Exactly retype the lines below from the one containing "Imagem de Kit" through the end of the listing. Leave pictures out.

## AVAILABLE DATA:
- Opening Delimiter -

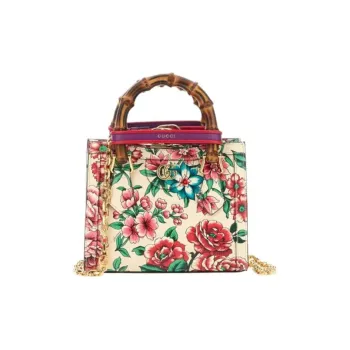 GUCCI Diana Bamboo With Canvas Tote Bag Shopping Bag Handbag Medium Size Women's Multicolor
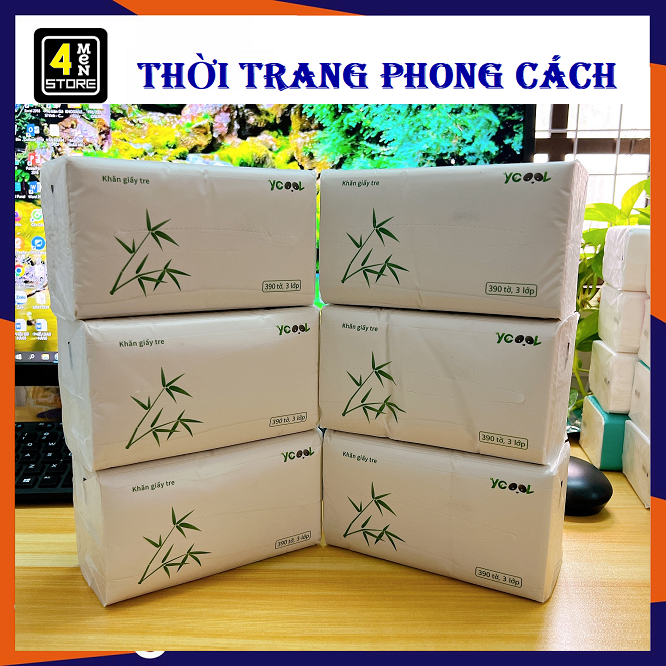 Combo 6 gói Giấy ăn gấu trúc khăn giấy tre YCOOL 390 tờ / 3 lớp DAI MỀM MỊN ( Ảnh Thật )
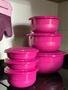 Imagem de Kit Tupperware em policarbonato rosa. Lançamento 2024 linha cristal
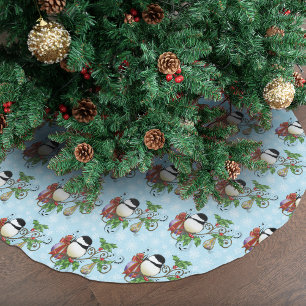 Saia Para Árvore De Natal De Poliéster Natal do Chickadee de inverno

- Closing Delimiter -

## RESULT OF THIS EXERCISE:
 Imagem de Kit Tupperware em policarbonato rosa. Lançamento 2024 linha cristal
 Saia Para Árvore De Natal De Poliéster Natal do Chickadee de inverno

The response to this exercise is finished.